Facebookに行政指導 政府・個人情報保護委 情報流出の原因究明など要請:流出事件の多発を懸念
個人情報保護委が、個人情報の流出が相次ぐ米Facebookに行政指導。個人情報の適切な取り扱いや、2018年9月に発覚した事件の原因究明、再発防止などを求めた。
政府の個人情報保護委員会は10月22日、個人情報の流出が相次いでいる米Facebookに対し、個人情報を適切に取り扱うことや、2018年9月に発覚した不正アクセスによる情報流出事件を精査し、原因究明を行うことなどを求める行政指導を行った。
Facebookは16年の米大統領選の際に、トランプ陣営のコンサルティングを務めた英分析会社Cambridge Analyticaに対し、性格診断アプリ経由で取得したユーザーの個人情報を約8700万人分提供していた。日本国内でも、最大約10万人分の情報が流出したとみられる。
また、Facebookユーザーがソーシャルプラグインの「いいね!」ボタンが設置されたWebサイトを閲覧した場合、ボタンを押さなかった場合でも、ユーザーIDと訪問したサイトの情報を取得していた。
さらに18年9月末、セキュリティの脆弱(ぜいじゃく)性を利用したサイバー攻撃を受け、ユーザーアカウントの認証情報が外部に流出した。

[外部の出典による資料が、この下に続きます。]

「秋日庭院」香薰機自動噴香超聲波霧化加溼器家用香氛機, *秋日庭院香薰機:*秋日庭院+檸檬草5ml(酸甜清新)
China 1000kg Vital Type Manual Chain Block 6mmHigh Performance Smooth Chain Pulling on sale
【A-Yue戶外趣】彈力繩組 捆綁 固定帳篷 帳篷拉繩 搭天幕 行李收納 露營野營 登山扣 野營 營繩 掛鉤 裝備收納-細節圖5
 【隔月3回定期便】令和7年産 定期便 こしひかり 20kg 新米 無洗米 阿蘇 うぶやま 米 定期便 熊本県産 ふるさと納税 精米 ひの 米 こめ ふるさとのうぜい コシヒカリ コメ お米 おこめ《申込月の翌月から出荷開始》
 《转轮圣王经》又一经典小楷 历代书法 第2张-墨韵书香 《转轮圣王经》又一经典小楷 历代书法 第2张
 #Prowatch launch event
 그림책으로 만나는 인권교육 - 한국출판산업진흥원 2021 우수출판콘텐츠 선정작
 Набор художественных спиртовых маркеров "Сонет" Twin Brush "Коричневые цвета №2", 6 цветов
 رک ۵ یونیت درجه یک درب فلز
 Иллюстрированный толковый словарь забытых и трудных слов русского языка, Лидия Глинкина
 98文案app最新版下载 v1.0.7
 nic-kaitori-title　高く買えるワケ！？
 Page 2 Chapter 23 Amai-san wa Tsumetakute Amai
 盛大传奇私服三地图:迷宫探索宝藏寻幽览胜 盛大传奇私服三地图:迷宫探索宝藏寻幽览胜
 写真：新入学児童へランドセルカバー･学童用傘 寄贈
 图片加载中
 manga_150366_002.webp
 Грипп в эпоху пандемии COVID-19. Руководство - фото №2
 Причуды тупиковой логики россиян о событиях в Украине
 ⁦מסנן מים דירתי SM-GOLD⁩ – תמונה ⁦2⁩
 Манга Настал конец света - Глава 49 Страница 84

不正アクセスを受けた個人情報は約2900万人に上り、日本国内のユーザーが影響を受けた可能性もあるとされている。
同委はこれらを踏まえ、Cambridge Analyticaを巡る流出問題とソーシャルプラグイン情報を提供していた事案への対処法として、ユーザーへの説明、本人からの同意の取得、本人からの削除要求への対応、第三者が開発したアプリの監視――などを求めた。
サイバー攻撃による流出問題に対しては、被害を受けた本人への通知、原因究明、再発防止策の策定、個人情報保護委員会への報告――を要請した。
このほか、今後さらなる個人情報漏えいなどが起きた場合に備え、適切な体制を整備することも指示している。